(What you have to do):
Each line from the start of the data below through the one containing "yield return — ліниве виконання ітератора" must be reproduced exactly.

::: Records for processing :::

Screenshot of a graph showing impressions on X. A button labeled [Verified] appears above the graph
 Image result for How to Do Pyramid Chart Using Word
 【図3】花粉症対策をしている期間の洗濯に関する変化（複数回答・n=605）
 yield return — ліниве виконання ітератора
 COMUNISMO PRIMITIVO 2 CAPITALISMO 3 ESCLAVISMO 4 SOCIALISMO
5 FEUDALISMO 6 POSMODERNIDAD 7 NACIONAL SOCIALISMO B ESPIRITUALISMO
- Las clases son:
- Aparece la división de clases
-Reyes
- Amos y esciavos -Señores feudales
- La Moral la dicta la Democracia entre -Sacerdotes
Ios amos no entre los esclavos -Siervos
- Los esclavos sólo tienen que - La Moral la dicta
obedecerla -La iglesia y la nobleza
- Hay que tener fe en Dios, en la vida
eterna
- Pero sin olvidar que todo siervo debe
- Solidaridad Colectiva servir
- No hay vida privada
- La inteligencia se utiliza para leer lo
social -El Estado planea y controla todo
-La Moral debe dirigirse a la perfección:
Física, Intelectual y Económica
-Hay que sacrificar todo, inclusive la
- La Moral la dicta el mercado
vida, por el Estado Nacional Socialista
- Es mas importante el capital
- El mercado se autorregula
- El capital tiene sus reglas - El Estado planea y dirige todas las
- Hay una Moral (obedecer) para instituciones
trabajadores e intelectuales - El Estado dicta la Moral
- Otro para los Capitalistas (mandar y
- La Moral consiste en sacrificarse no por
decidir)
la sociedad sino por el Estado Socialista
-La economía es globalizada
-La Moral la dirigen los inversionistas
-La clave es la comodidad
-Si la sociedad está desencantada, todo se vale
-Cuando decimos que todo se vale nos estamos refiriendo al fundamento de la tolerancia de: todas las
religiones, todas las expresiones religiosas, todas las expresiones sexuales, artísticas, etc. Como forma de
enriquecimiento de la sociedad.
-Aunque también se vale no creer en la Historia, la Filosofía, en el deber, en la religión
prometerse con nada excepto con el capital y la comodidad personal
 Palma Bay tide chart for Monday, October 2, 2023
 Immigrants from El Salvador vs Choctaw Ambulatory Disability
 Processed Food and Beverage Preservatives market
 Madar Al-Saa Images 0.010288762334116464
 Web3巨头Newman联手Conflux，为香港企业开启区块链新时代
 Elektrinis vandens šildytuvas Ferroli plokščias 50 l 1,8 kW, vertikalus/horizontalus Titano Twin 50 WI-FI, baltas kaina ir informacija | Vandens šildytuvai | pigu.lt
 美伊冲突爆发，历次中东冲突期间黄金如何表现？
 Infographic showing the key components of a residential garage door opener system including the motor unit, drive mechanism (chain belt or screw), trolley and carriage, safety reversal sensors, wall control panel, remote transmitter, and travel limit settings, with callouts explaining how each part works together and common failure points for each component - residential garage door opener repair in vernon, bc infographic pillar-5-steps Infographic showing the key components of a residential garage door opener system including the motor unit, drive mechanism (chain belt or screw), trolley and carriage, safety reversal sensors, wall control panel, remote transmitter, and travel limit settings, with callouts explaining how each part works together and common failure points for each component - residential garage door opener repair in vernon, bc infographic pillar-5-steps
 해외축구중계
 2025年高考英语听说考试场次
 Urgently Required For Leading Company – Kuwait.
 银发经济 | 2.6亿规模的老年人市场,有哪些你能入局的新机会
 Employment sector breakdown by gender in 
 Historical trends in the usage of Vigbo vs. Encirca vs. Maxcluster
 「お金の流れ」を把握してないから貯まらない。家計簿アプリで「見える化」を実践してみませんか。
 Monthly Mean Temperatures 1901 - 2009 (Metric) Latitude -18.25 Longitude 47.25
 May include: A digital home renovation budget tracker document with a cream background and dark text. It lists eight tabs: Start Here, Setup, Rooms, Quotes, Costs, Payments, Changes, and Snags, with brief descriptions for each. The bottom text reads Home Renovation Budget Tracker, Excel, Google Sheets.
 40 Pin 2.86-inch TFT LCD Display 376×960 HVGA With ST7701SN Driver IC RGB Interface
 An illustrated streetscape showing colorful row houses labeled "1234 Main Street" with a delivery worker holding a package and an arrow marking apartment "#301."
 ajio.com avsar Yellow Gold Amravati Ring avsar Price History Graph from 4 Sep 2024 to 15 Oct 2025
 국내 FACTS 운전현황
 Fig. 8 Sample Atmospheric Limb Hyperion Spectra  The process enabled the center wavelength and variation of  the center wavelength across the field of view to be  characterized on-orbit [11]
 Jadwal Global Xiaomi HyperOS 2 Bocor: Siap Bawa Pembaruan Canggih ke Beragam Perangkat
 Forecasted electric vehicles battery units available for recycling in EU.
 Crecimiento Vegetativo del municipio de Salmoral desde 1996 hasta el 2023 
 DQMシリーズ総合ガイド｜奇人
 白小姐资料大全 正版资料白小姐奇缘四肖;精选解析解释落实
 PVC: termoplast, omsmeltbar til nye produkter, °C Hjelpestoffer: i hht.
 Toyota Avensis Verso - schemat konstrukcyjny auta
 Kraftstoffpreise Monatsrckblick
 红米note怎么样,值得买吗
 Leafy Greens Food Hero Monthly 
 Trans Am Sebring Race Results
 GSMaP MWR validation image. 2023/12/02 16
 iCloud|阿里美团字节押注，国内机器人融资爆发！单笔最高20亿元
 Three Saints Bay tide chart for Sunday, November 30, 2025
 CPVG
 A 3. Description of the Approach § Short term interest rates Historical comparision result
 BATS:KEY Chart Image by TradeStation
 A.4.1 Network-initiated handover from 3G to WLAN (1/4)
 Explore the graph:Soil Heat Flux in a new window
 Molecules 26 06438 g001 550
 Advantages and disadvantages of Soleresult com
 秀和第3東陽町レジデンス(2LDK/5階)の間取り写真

:::

(Worked solution):
Screenshot of a graph showing impressions on X. A button labeled [Verified] appears above the graph
 Image result for How to Do Pyramid Chart Using Word
 【図3】花粉症対策をしている期間の洗濯に関する変化（複数回答・n=605）
 yield return — ліниве виконання ітератора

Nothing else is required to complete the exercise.